Um dos maiores patrimônios da sua geração, a floresta que dará as cartas no clima do mundo, está sendo dilapidada para encher o bolso de uma dúzia de pessoas. Nos últimos quatro anos, desmataram 47 mil km2, área equivalente a todo o território do estado do Rio, aproximando a Amazônia do ponto de não retorno, quando será incapaz de gerar chuva e de amenizar os efeitos do aquecimento, como secas severas e queda na produção de alimentos. Além de botar lenha na fogueira e levar o que é nosso, a gangue da motosserra ainda impede que o Brasil encha o cofre. Hoje a Amazônia vale muito mais de pé do que desmatada e, a cada ano, o país já vêm deixando de faturar cerca de US$ 1,5 bilhão por conta dessa ceifa.

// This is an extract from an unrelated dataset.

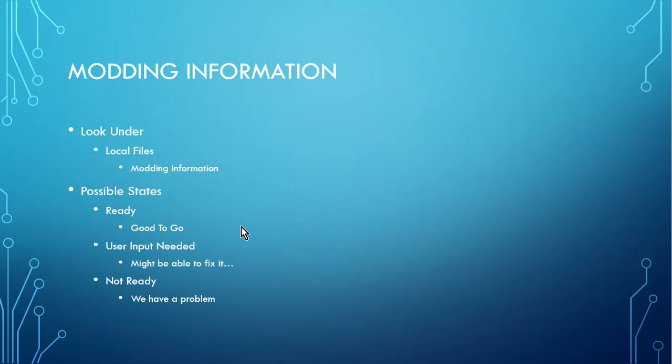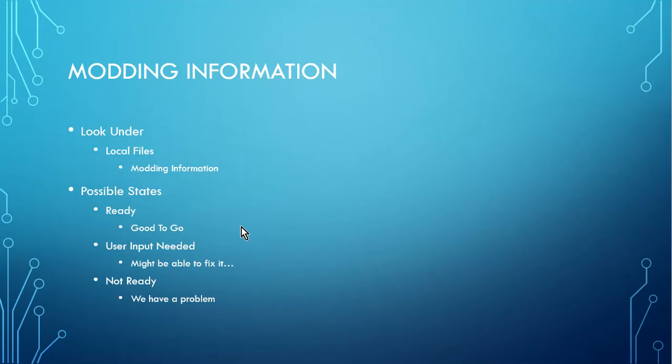And there's three different possible states they can be in. Ready, that means the files are all there, you're good to go, no action required. Then user input needed. Now, for some games, they don't make the folders, which is kind of annoying. So if it's in this state, you might be able to fix it, but we'll go there in a minute. And then the last one is not ready.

É como se a minha geração tivesse herdado dos pais um castelo cheio de riquezas naturais e culturais, tivesse dado uma festa de arromba (que nem curtimos porque ficamos no sofá chapados de antidepressivos trocando memes) e deixado uns penetras levarem tudo, até a fiação, para depois entregar o lugar caindo aos pedaços para vocês. E, se bobear, sem nem deixar o mínimo necessário para a reconstrução: o poder de voto, outra herança que nossos antepassados conquistaram a duras penas e que também andam querendo roubar de nós.

Ah, minha pequena Eva. Que ressaca. Que vergonha dessa minha geração de paspalhos. Ia te oferecer uma maçã para adoçar esse amargor, mas nem isso posso fazer: está cheia de venenos do agro. Sabe aquele amor na última astronave? Mamãe promete que não atrapalha. Me leva junto com vocês, vai.